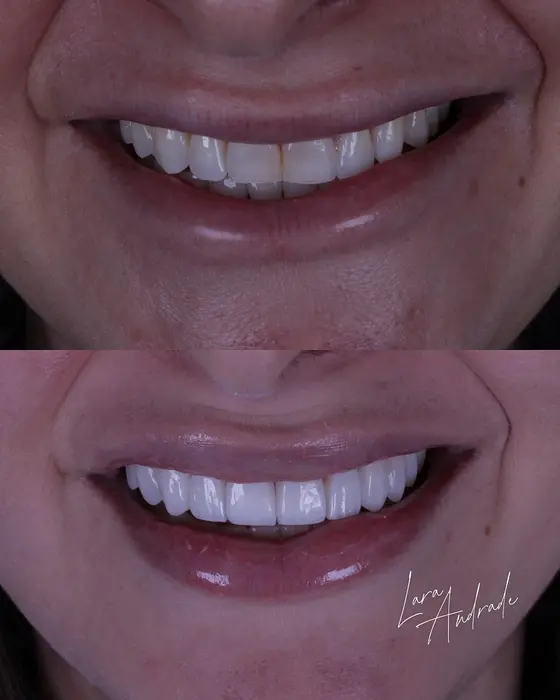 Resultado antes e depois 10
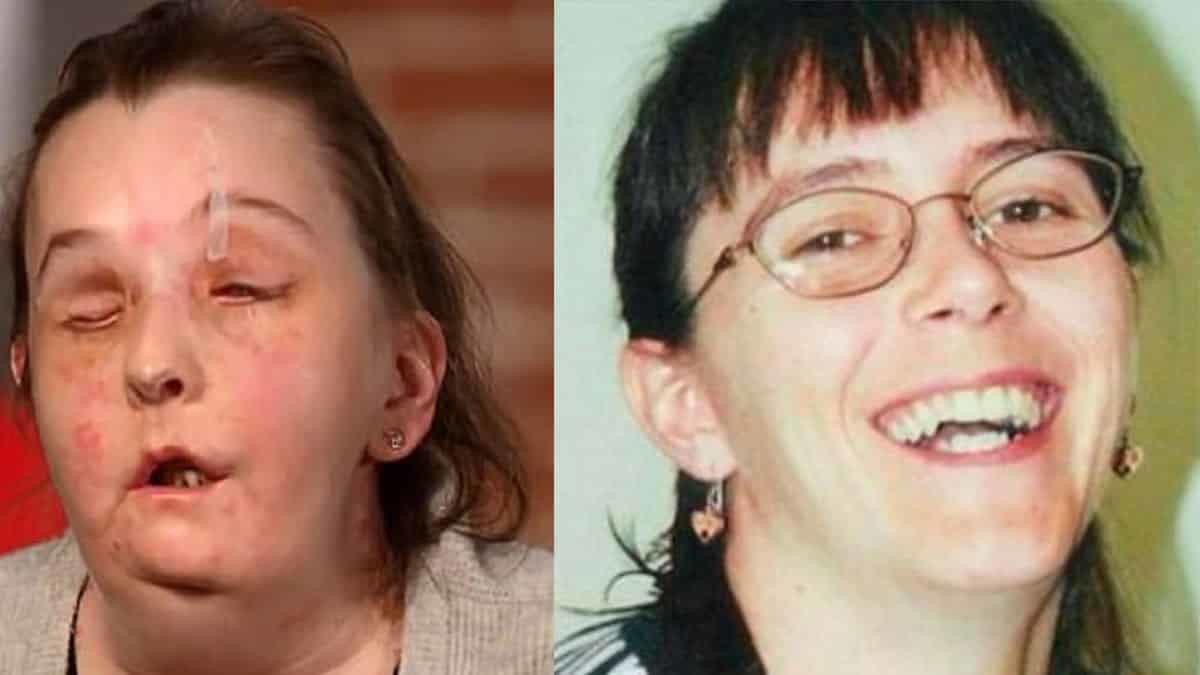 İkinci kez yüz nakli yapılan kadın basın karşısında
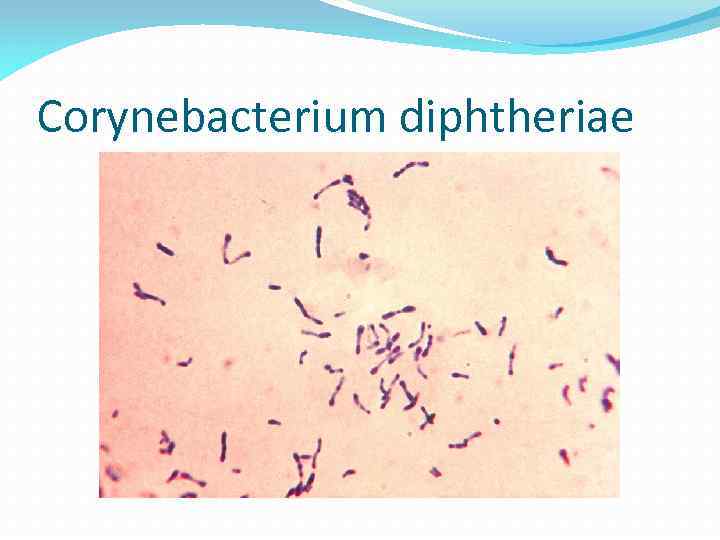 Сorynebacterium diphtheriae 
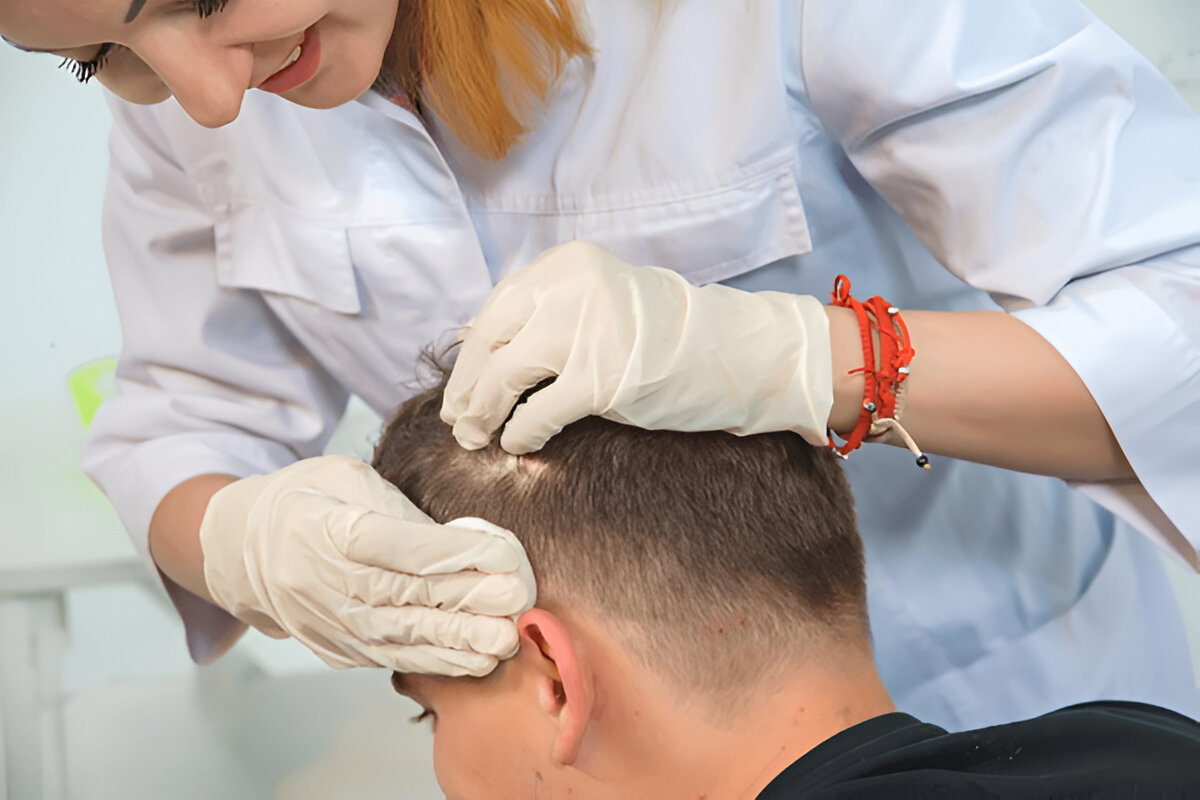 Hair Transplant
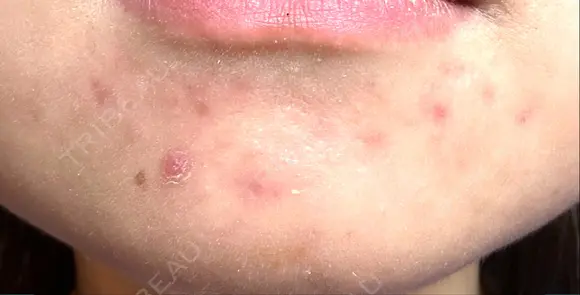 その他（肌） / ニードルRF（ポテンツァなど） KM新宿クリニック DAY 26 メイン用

● **Work required**
Retyping is limited to the line with "Сorynebacterium diphtheriae" and the lines after it in the material above; give them exactly and leave out the pictures.

● **Reply**
 Сorynebacterium diphtheriae 
 Hair Transplant
 その他（肌） / ニードルRF（ポテンツァなど） KM新宿クリニック DAY 26 メイン用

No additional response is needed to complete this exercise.